CT coronary angiography (CTCA) can clarify the diagnosis of angina due to coronary heart disease, leading to a reduced need for further stress testing and enabling more targeted interventions.
Ultimately, changes in treatments stemming from the addition of CTCA to standard clinical care could reduce fatal and non-fatal heart attack rates, according to the SCOT-HEART study published online in The Lancet.
David Newby, MD, PhD, of the University of Edinburgh's Centre for Cardiovascular Science, and colleagues noted that while rapid clinical assessment of patients with suspected angina due to coronary heart disease is generally effective, misdiagnoses still occur. Studies have shown that about one-third of patients who die from cardiovascular disease or have an acute coronary syndrome within five years of follow up were originally diagnoses with non-cardiac chest pain.
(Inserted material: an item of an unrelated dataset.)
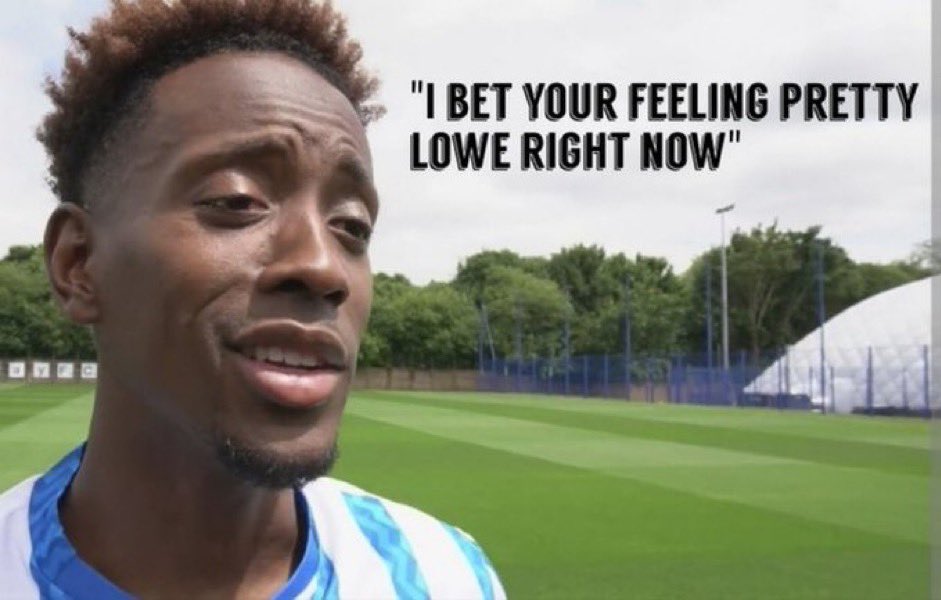 dan 🦉 🍊 tweet media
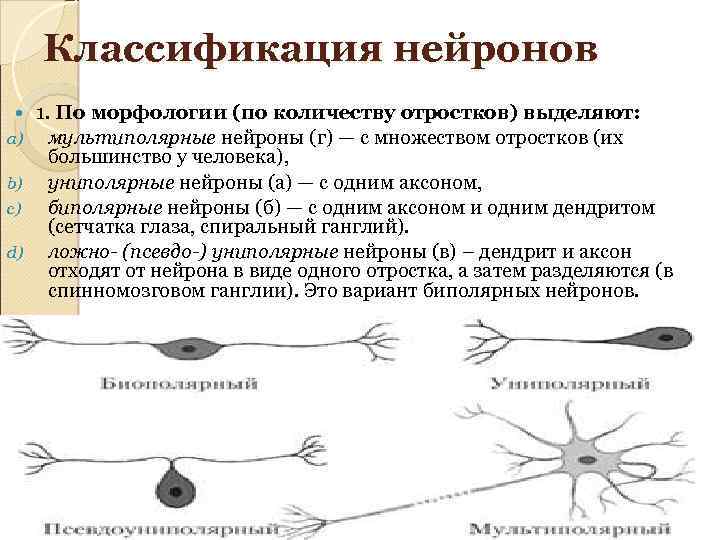 Классификация нейронов a) b) c) d) 1. По морфологии (по количеству отростков) выделяют: мультиполярные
For SCOT-HEART, Newby and colleagues tracked 4,146 patients referred for assessment of suspected angina due to coronary heart disease from Nov. 18, 2010, through Sept. 24, 2014. Baseline clinic diagnosis showed 47 percent of participants with coronary heart disease and 36 percent with angina due to coronary heart disease.
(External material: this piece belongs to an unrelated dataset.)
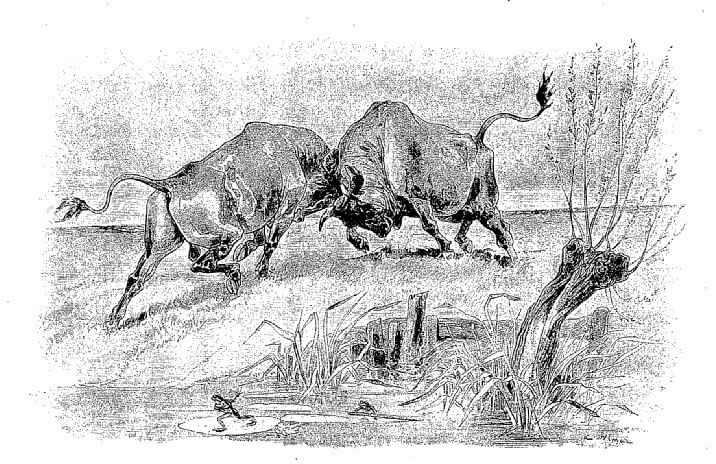 Les Deux Taureaux et Une Grenouille de Jean de La Fontaine dans Les Fables - Illustration de Auguste Vimar - 1897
Half of the patients underwent CTCA in addition to standard diagnostic tests. Results showed that at six weeks, CTCA had reclassified the diagnosis of coronary heart disease in 27 percent of those patients and the diagnosis of angina due to coronary heart disease in 23 percent of patients in that group.
“We noted that although the certainty and frequency of the diagnosis of coronary heart disease increased, the overall diagnostic rate of angina due to coronary heart disease did not change or seemed to fall with the introduction of CTCA,” wrote Newby and colleagues. “This finding suggests clinicians tend to overdiagnose angina due to coronary heart disease, probably for fear of undertreatment. However, CTCA did diagnose many patients with angina due to coronary heart disease who had been misclassified in the clinic. Overall reclassification happened in one in four patients and this is clearly important for the subsequent investigation and treatment of these patients.”
In twenty months of follow up, the number of heart attacks that occurred in patients who received CTCA was reduced by 38 percent.
Future studies will investigate whether giving scans to all patients presenting at the emergency department with chest pain would help cut heart attack rates, according to the university.